◆ Your assignment ◆
Each line of the data below from the one holding "Hot Search Dự Định 55 trang 53" to the one holding "Box - Image 4", inclusive, is to be reproduced exactly; no other line belongs in the answer.

◆ Data records ◆
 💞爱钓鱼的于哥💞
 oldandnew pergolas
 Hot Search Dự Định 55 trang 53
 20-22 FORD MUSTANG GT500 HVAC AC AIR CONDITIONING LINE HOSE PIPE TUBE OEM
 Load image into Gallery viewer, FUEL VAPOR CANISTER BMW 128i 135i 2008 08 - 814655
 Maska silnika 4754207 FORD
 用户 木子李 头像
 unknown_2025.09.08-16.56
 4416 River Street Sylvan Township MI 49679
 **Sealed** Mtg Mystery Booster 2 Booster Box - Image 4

...

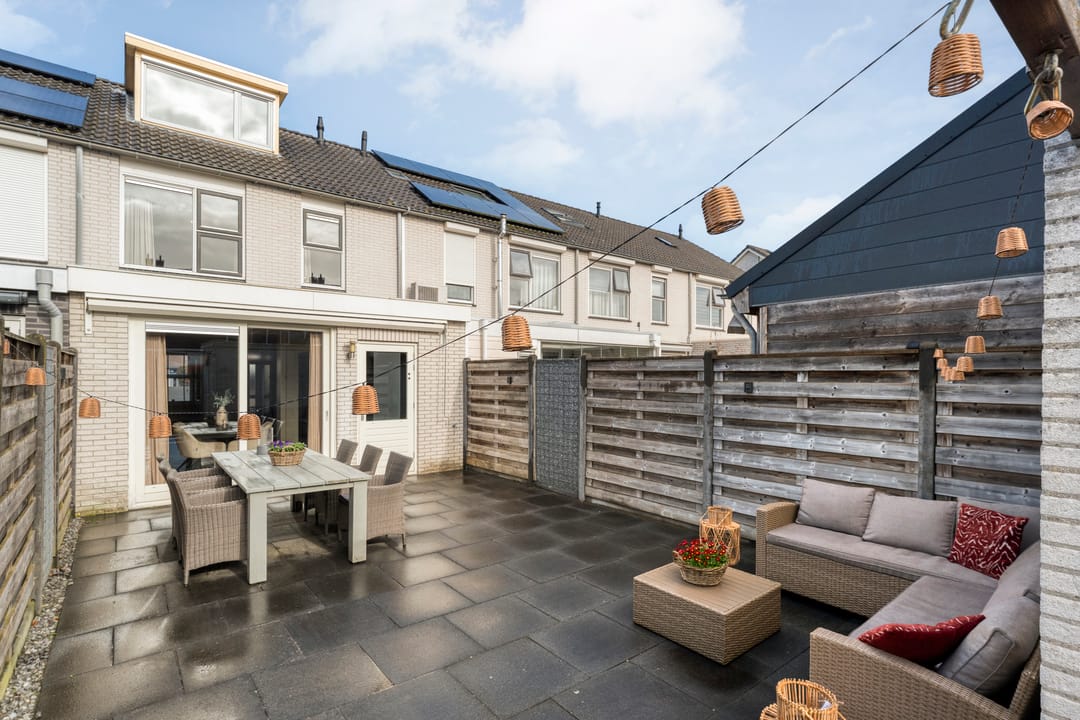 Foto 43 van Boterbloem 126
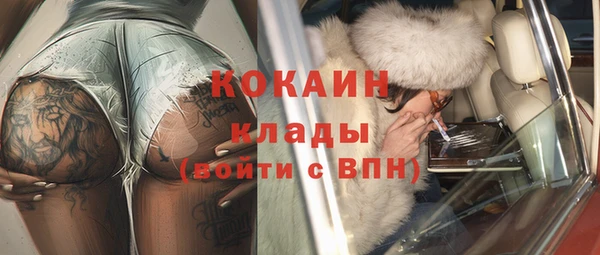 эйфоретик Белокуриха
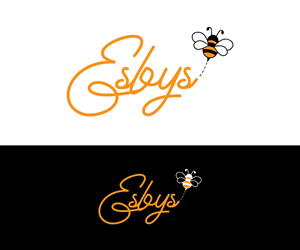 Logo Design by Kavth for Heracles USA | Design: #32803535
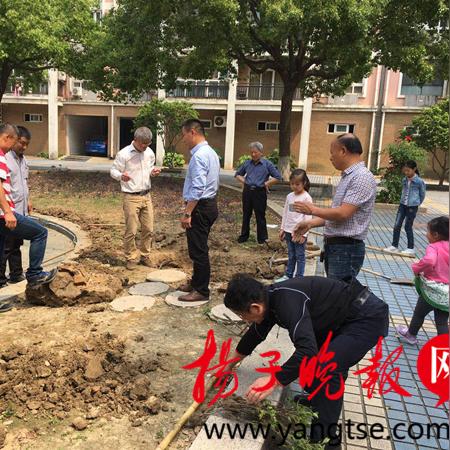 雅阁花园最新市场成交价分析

◆ Written solution ◆
 Hot Search Dự Định 55 trang 53
 20-22 FORD MUSTANG GT500 HVAC AC AIR CONDITIONING LINE HOSE PIPE TUBE OEM
 Load image into Gallery viewer, FUEL VAPOR CANISTER BMW 128i 135i 2008 08 - 814655
 Maska silnika 4754207 FORD
 用户 木子李 头像
 unknown_2025.09.08-16.56
 4416 River Street Sylvan Township MI 49679
 **Sealed** Mtg Mystery Booster 2 Booster Box - Image 4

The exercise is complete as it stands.